# Prove that a kernel is conditionally positive definite

A kernel is called positive definite (p.d) if its Gram matrix is p.d., i.e. all eigenvalues of the Gram matrix are positive for all possible input vectors in the feature space. My understanding of conditionally positive definite (c.p.d) kernels is that the Gram matrix has to be p.d. not for all but only for a subset of the input vectors from the feature space.

If this definition of conditionally positive definiteness is correct then how do I prove that a kernel is c.p.d.? Would it suffice to show that the Gram Matrix is p.d. for some arbitrary subset of input vectors?

• The article by Charles A. Michelli may help: "Interpolation of scattered data : Distance matrices and conditionnally positive definite functions", in Constructive Approximation (1986) 2: 11-22 Mar 26 at 14:50

If I'm reading it correctly, your definition of cpd would include any kernel where $$k(x, x) > 0$$ for any point $$x$$, by just considering the subset $$\{ x \}$$.

One way to phrase a matrix being positive definite is that $$c^T A c > 0$$, for all vectors $$c$$; a kernel is positive definite if that holds for all Gram matrices $$A$$. The conditioning in cpd refers to reducing the "for all vectors $$c$$" part, not the "for all Gram matrices $$A$$" part.
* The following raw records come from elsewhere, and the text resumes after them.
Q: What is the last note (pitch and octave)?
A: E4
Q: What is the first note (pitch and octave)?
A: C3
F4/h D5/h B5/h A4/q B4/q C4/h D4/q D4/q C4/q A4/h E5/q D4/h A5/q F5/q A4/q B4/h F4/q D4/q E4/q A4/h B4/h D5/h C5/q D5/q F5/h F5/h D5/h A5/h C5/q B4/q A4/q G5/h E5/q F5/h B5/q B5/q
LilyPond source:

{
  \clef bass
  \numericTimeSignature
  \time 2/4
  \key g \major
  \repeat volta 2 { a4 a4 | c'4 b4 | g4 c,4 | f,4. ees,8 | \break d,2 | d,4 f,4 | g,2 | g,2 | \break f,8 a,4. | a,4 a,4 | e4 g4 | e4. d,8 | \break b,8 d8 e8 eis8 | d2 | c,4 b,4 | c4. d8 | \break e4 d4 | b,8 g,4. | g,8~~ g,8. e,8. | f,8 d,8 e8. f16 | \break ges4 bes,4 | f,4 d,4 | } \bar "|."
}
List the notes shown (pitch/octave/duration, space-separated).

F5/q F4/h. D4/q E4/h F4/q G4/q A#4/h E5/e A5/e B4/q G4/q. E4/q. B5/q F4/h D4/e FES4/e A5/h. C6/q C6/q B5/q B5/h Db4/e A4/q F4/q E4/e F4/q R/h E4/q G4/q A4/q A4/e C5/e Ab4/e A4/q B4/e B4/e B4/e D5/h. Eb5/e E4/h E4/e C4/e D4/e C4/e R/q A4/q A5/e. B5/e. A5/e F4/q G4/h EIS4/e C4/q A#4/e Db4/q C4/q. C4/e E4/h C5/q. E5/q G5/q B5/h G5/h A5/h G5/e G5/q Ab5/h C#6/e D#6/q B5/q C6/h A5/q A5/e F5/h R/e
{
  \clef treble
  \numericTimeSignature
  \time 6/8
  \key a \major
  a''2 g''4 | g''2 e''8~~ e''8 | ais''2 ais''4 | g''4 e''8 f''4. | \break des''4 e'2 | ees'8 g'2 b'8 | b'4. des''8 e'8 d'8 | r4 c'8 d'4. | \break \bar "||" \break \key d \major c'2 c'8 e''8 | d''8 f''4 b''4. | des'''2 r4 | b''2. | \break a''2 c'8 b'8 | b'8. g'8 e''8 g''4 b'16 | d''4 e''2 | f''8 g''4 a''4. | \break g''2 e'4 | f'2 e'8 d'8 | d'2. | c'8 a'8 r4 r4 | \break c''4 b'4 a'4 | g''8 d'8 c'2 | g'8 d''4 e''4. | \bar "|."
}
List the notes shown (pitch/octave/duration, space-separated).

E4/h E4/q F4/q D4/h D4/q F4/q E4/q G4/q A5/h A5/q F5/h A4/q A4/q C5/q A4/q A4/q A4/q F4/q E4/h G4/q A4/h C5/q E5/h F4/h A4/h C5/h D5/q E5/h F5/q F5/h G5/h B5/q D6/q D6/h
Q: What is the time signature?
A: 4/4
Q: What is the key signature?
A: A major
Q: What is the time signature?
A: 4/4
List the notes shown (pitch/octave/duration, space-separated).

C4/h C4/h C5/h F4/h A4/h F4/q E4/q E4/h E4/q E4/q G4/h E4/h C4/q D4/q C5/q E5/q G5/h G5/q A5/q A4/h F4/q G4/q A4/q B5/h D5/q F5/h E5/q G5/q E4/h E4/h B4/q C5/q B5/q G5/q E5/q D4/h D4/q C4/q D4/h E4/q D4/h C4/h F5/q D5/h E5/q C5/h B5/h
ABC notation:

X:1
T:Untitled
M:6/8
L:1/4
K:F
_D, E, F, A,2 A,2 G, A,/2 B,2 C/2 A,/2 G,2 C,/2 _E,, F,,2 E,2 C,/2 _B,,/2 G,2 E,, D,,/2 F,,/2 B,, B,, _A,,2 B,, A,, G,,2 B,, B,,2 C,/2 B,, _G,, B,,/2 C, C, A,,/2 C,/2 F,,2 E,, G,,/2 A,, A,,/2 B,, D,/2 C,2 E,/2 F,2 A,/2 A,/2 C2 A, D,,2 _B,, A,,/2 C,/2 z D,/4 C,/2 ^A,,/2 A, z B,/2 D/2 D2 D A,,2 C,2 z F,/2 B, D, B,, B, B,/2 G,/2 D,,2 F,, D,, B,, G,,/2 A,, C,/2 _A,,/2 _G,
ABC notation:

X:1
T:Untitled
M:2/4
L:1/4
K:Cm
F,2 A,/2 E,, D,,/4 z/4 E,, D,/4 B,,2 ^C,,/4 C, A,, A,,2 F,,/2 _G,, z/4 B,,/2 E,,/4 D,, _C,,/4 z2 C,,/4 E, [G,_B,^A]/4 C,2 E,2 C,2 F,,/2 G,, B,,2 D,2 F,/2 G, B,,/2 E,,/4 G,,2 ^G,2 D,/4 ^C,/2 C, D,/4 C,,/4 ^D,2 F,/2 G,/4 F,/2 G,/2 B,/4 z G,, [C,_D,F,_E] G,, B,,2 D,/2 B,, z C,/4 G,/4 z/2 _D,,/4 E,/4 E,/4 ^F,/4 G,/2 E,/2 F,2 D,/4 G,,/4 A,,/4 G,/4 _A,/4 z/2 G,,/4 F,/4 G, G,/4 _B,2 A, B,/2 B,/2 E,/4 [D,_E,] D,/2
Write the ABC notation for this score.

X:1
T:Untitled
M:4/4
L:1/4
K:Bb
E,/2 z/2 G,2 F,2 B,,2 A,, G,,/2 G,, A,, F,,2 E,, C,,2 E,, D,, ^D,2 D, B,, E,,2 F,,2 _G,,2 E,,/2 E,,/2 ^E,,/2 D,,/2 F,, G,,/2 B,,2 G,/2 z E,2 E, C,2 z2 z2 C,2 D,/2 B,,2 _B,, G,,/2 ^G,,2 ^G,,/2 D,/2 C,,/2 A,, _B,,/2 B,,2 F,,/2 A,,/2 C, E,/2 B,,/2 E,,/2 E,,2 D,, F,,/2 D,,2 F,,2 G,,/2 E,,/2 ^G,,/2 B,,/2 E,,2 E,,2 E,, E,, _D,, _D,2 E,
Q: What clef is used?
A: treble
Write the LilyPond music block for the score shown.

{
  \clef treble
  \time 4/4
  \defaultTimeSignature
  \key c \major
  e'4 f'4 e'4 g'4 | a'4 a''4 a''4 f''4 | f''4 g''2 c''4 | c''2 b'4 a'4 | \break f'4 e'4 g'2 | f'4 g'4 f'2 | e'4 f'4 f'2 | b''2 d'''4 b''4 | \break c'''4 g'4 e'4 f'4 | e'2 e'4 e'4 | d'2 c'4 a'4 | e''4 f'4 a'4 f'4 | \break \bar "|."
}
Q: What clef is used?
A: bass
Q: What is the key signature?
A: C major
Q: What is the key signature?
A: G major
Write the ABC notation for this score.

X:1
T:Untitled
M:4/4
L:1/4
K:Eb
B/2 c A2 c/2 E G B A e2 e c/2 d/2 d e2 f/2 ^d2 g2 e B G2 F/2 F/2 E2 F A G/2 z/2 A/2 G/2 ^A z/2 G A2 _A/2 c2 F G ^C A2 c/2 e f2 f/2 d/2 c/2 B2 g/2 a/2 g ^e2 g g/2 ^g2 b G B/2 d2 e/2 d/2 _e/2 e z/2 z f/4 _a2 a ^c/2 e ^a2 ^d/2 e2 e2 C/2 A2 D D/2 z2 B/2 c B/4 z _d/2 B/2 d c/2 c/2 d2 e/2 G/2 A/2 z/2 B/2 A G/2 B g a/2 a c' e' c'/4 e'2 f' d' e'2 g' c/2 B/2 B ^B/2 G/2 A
Specifically, the most common definition is reducing it to "for all vectors $$c$$ with $$1^T c = 0$$.

These are useful because, just as pd kernels correspond to inner products in some Hilbert space, cpd kernels are closely connected to distances in some Hilbert space. SVMs and kernel PCA both work with any cpd kernel, though a particular optimization algorithm might not.

Here's the full definition from Schölkopf and Smola's Learning with Kernels (2002). Here $$\mathbb K$$ refers to either $$\mathbb R$$ or $$\mathbb C$$.

Definition 2.20 (Conditionally Positive Definite Matrix) A symmetric $$m \times m$$ matrix $$K$$ ($$m \ge 2$$) taking values in $$\mathbb K$$ and satisfying

$$\sum_{i, j = 1}^m c_i \bar{c}_j K_{ij} \ge 0 \text{ for all } c_i \in \mathbb K, \text{ with } \sum_{i=1}^m c_i = 0$$

is called conditionally positive definite (cpd).

Definition 2.21 (Conditionally Positive Definite Kernel) Let $$\mathcal X$$ be a nonempty set. A function $$k : \mathcal X \times \mathcal X \to \mathbb K$$ which for all $$m \ge 2, x_1, \dots, x_m \in \mathcal X$$ gives rise to a conditionally positive definite Gram matrix is called a conditionally positive definite (cpd) kernel.

I don't know a simple eigenvalue-based definition.

To prove a kernel is cpd, you can either prove it directly from the definition above (usually difficult), or you can try to build it out of other cpd kernels using various properties that preserve cpd-ness. Here are some useful connections to pd kernels from that book:

Proposition 2.22 (Constructing PD Kernels from CPD Kernels [42, Lemma 2.1, p. 74]) Let $$x_0 \in \mathcal X$$, and let $$k$$ be a symmetric kernel on $$\mathcal X \times \mathcal X$$. Then $$\tilde k(x, x') := \tfrac12 \left( k(x, x') - k(x, x_0) - k(x_0, x') + k(x_0, x_0) \right)$$ is positive definite if and only if $$k$$ is conditionally positive definite.

[42] is Berg, Christensen, and Ressel's Harmonic Analysis on Semigroups (1984).

Proposition 2.28 (Connection PD – CPD [465, Thm. 1, p. 527]) A kernel $$k$$ is conditionally positive definite if and only if $$\exp(t k)$$ is positive definite for all $$t > 0$$.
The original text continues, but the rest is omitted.